The Advertising Standards Authority (ASA) is being urged to force social media influencers not to promote “perfectionism” and be clearer about their adverts.
A 50-page application to the ASA has been submitted by Chris Ward, author and former creative director of Comic Relief, urging the advertising watchdog to do more to tackle mental health issues caused by social media advertising.
Next year the retail sector is expected to spend over half of its entire marketing budget on social media advertising as increasing numbers “recognise the value that social media ads bring to their campaigns”, according to research from Smartly.io.

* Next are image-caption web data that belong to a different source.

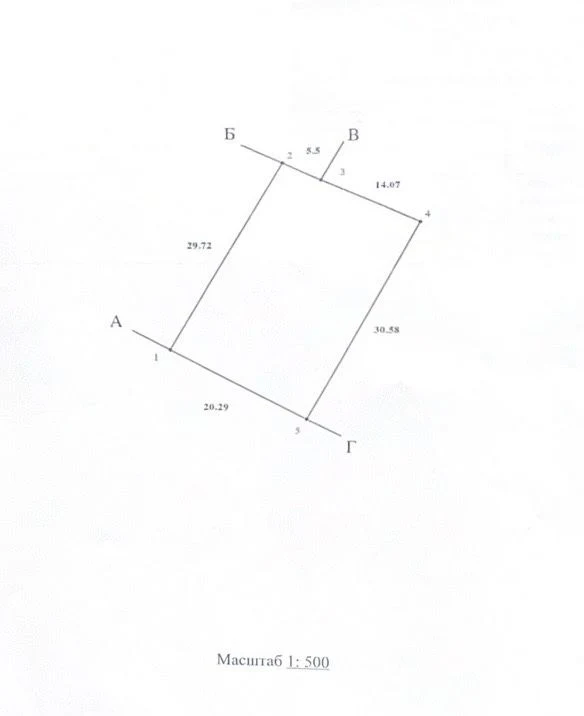 Land plot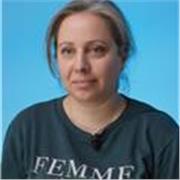 Vous avez besoin d'un prof particulier? Dites-moi ce que vous recherchez et commençons! :)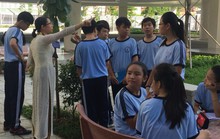Nóng tuyển sinh đầu cấp: Rà hộ khẩu, siết trái tuyến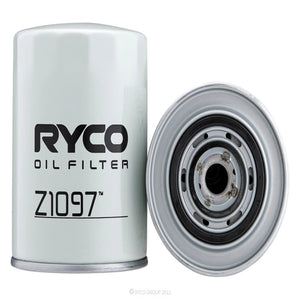 RYCO OIL FILTER | Z1097-RYCO-Autoignite NZ
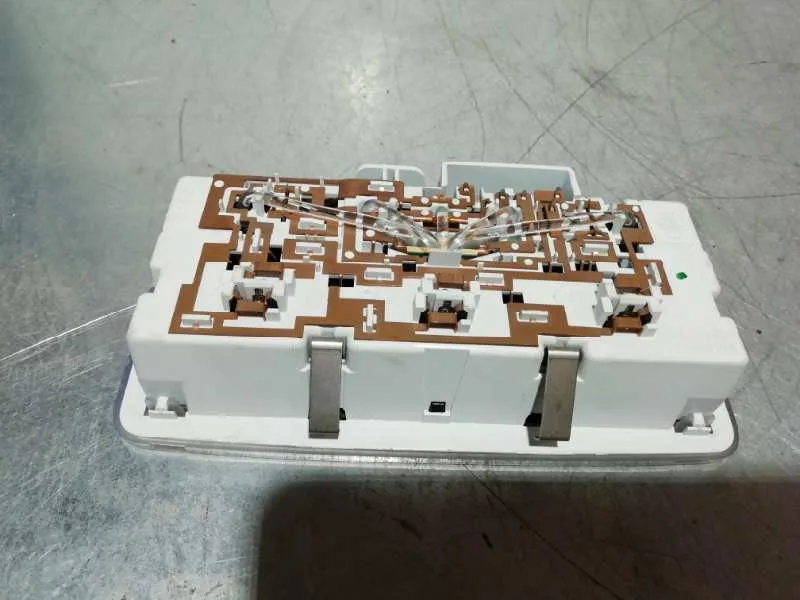 Luz Interior para Opel Astra J Lim.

Ward warns that influencers’ idealistic posts promote perfectionism, which causes users to feel unsatisfied that they are not living up to these impossible standards.
The issue, described in the World Health Organisation’s (WHO) 2017 report Depression and Other Common Mental Disorders as “an epidemic”, causes users to constantly strive to achieve flawlessness leading to anxiety and depression when they inevitably fail.

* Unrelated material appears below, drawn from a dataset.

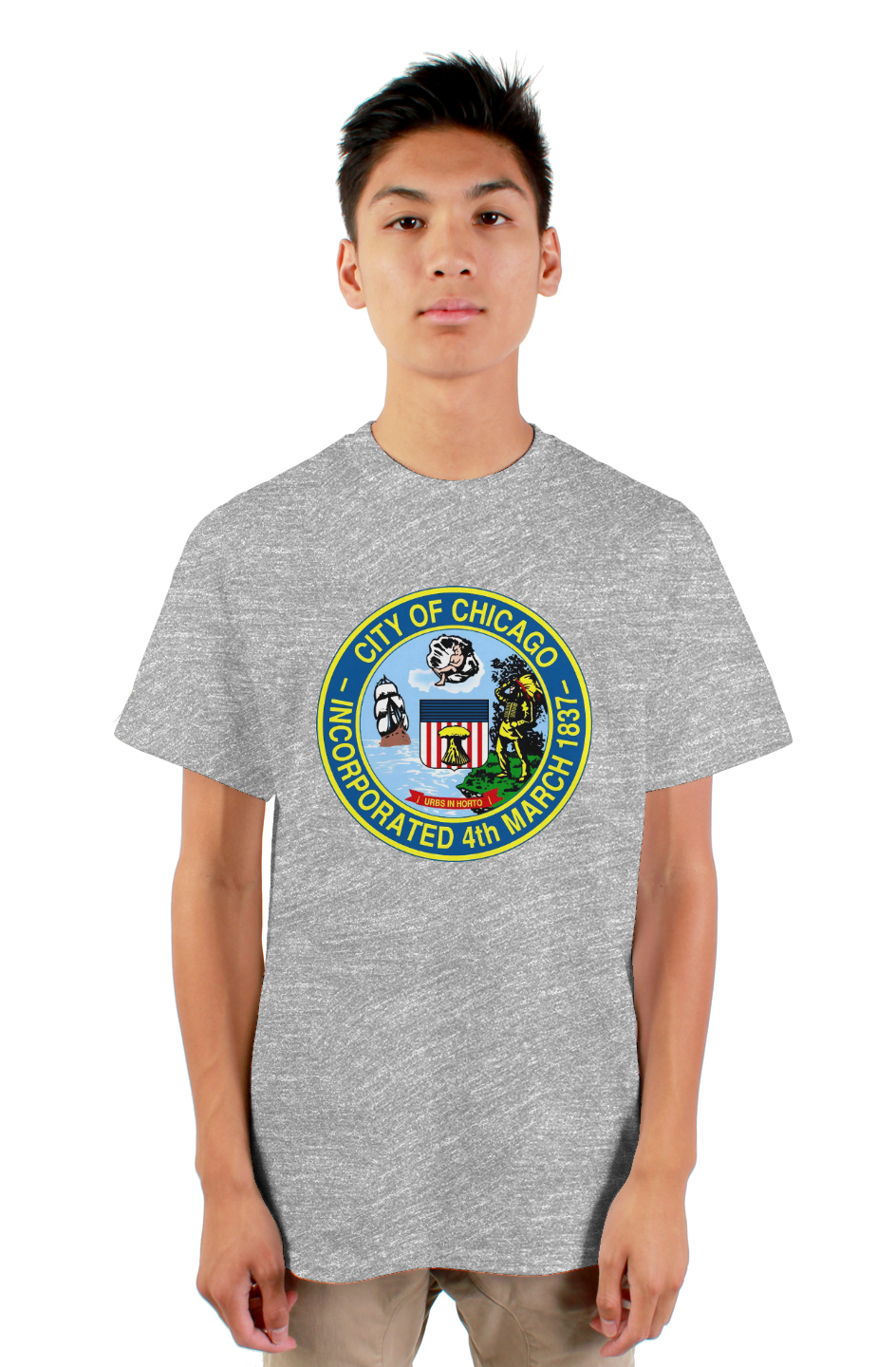 Game Day Shoes mens tshirt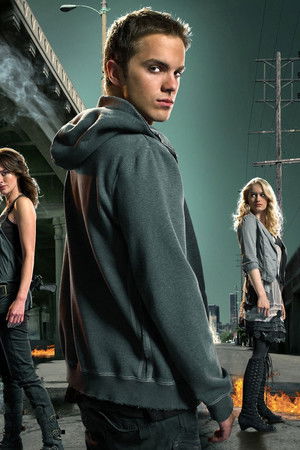 Terminator: The Sarah Connor Chronicles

In order to provide context to these posts, informing users that these they have been intentionally constructed to portray a ‘perfect’ lifestyle that is largely fictional, Ward argues that all influencer posts should be tagged with #influencer.
“This is in-order to provide critical context to the advertisement,” he said.

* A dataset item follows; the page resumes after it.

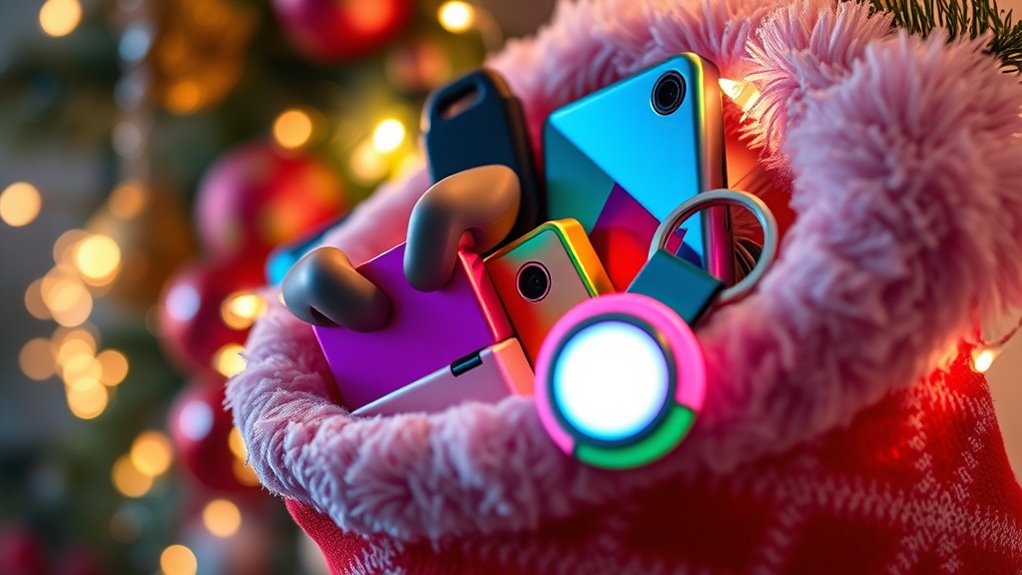 teen gift selection criteria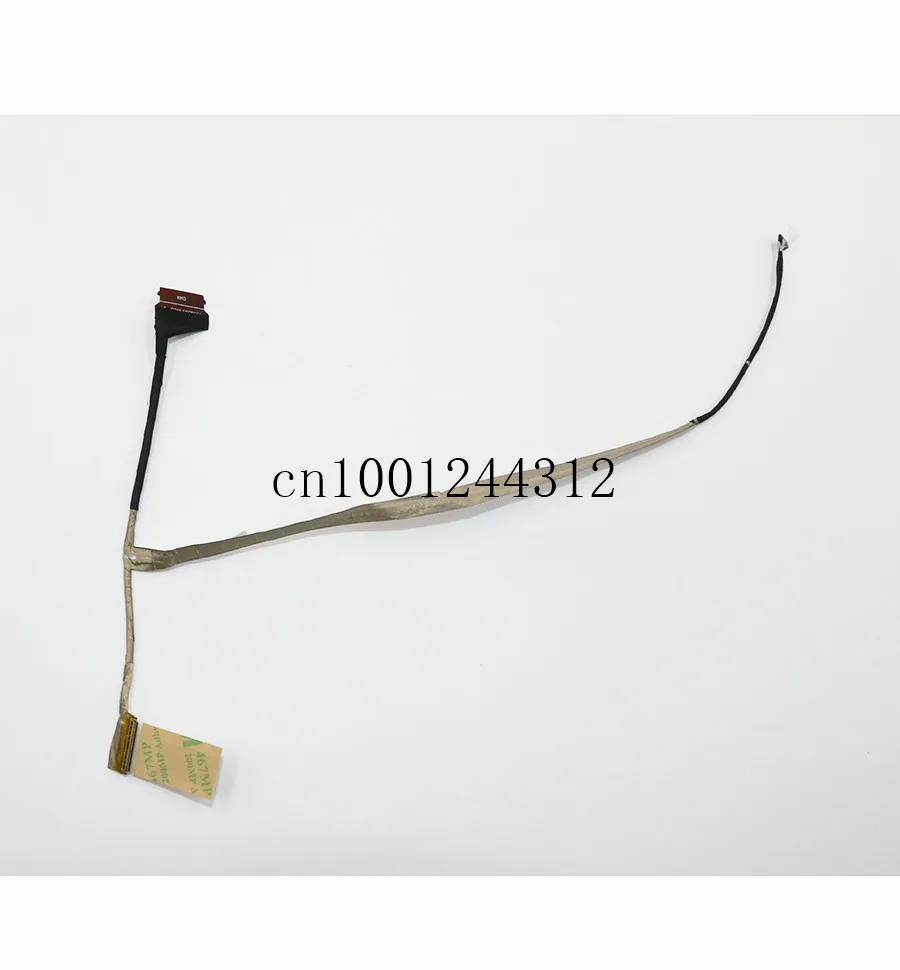 Для lenovo N22 Chromebook LVDS ЖК-кабель 5C10L13235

“Advertisers should not be allowed to pay influencers to post an #ad where the influencer does not hashtag all their posts on the same account with #influencer.
“At a minimum, these (rules) would apply to all marketing communications targeted at those under 18 but (would be of most) benefit to positive mental health, to all consumers”.
Speaking to The Drum, Ward added: “There’s no context. So they’ve benefited from that ad without actually having to put the context down… a social media influencer is like a magazine, but a young person doesn’t know that… every post should really be tagged.”